Four of us went last week right around noon. The dining room is massive, with floor-to-ceiling windows and a handsome central bar full of brown liquor. A pile of scorched oak Jack Daniel’s barrels hints at the menu style: New American, in the guise of that quasi-Southern-with-a-whole-bunch-of-other-influences hodgepodge that is so endemic in Atlanta.

We started with a couple apps, skipping the ubiquitous pimento cheese and dolled-up deviled eggs for roasted cauliflower served with a hummus made from butter beans and goat cheese that had an odd sourness, and oysters Bienville with a grayish topping that needed a minute or so more under the broiler.

Two of us ordered salads as entrees, the other two asked for hot dishes, and we also decided to share a plate of the “caramel fried chicken” among us.

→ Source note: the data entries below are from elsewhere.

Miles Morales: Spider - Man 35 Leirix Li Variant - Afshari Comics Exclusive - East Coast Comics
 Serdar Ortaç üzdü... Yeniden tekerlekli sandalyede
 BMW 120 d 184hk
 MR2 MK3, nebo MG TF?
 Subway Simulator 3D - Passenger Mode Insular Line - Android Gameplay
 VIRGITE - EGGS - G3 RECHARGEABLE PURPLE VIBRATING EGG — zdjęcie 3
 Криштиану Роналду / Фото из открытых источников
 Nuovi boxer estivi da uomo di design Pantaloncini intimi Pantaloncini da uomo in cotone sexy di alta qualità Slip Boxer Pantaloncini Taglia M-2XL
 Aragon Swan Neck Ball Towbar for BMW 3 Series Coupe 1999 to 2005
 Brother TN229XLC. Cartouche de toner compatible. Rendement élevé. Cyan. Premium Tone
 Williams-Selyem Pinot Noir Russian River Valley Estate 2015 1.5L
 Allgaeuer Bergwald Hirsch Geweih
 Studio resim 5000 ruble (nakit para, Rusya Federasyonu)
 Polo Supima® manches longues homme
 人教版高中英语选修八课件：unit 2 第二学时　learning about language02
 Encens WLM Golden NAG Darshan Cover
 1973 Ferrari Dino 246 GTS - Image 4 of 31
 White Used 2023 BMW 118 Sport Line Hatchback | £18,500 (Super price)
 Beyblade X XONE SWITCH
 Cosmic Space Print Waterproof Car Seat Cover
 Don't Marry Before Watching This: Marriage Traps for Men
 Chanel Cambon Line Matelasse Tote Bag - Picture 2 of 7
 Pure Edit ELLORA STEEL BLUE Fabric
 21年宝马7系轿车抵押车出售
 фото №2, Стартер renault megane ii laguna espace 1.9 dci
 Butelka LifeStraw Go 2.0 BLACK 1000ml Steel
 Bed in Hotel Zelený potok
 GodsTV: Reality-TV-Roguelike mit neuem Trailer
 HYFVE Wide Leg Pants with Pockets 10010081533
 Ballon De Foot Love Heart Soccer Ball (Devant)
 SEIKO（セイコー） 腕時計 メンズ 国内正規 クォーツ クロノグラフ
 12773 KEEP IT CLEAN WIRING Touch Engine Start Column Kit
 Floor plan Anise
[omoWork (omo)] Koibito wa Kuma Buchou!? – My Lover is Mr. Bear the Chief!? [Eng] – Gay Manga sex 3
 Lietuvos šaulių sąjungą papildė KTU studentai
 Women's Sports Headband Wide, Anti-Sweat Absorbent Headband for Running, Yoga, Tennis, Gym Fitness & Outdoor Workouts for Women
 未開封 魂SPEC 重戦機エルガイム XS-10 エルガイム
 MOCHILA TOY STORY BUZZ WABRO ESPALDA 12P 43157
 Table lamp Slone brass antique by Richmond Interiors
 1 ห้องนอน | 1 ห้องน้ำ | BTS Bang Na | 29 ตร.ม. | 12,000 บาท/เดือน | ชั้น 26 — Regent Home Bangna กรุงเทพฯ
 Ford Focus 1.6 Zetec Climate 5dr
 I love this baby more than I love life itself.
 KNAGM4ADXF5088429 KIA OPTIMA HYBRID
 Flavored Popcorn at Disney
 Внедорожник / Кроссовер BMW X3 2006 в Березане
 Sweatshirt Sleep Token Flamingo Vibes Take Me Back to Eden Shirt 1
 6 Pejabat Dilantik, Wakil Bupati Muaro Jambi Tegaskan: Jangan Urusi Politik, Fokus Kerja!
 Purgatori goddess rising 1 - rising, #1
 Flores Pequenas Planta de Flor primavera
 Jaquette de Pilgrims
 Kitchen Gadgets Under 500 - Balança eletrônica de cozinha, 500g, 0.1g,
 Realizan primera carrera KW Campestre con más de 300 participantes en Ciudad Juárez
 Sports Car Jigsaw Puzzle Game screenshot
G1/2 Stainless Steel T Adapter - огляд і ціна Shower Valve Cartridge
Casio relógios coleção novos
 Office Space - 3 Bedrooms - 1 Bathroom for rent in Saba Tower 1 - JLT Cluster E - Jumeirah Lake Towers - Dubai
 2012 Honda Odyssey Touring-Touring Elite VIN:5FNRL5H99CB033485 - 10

About ten minutes after we’re finished with our starters, the two salads arrived. Our server told us the tuna burger and the steamed pork buns would be out in a moment.

A moment passed. Three minutes. Five minutes. Ten minutes. The mood unraveled at the table. It’s happened to most of us at one time: The conversation goes from “Hmmm, I wonder what could be taking so long?” to “This is f****g ridiculous.”

Our server had disappeared (the kitchen seemed half a football field away), so I politely approached the hostess stand and said, “Two out of four of us haven’t gotten our food yet and it’s been over ten minutes. Is there a manager I can talk to?”

“He’s in a meeting right now.”

“At 12:45? In the middle of lunch service?”

“Yes. I’ll let him know when he’s finished, and I’ll go check on your order.”

Five minutes later, the two mains came out, and the fried chicken arrived in another two minutes. “Yeah, sorry—it was the chicken that held you up,” the server mumbled.  

Most of the food was fine enough: the salad ingredients fresh, the tuna burger cooked a respectable medium-rare, the fried chicken standard and, mercifully, not doused in the sweet sauce. The steamed pork bun, though, was among the most memorably off-putting dishes I’ve had this year. Imagine a burrito left out in a summer shower. That was the texture of the wrapper: Thick, wet, and unappetizing, encasing dry, shredded braised pork.

It didn’t take us long to ask for the check. The server never asked if we enjoyed the rest of our meal, and the manager never appeared to explain the delay.

I’ll be back to try dinner in the next month. I can only hope it’s way better, and that we experienced an off-off shift for the restaurant, because this meal left an unusually acrid first impression.

Photos: shrimp salad, steamed pork bun.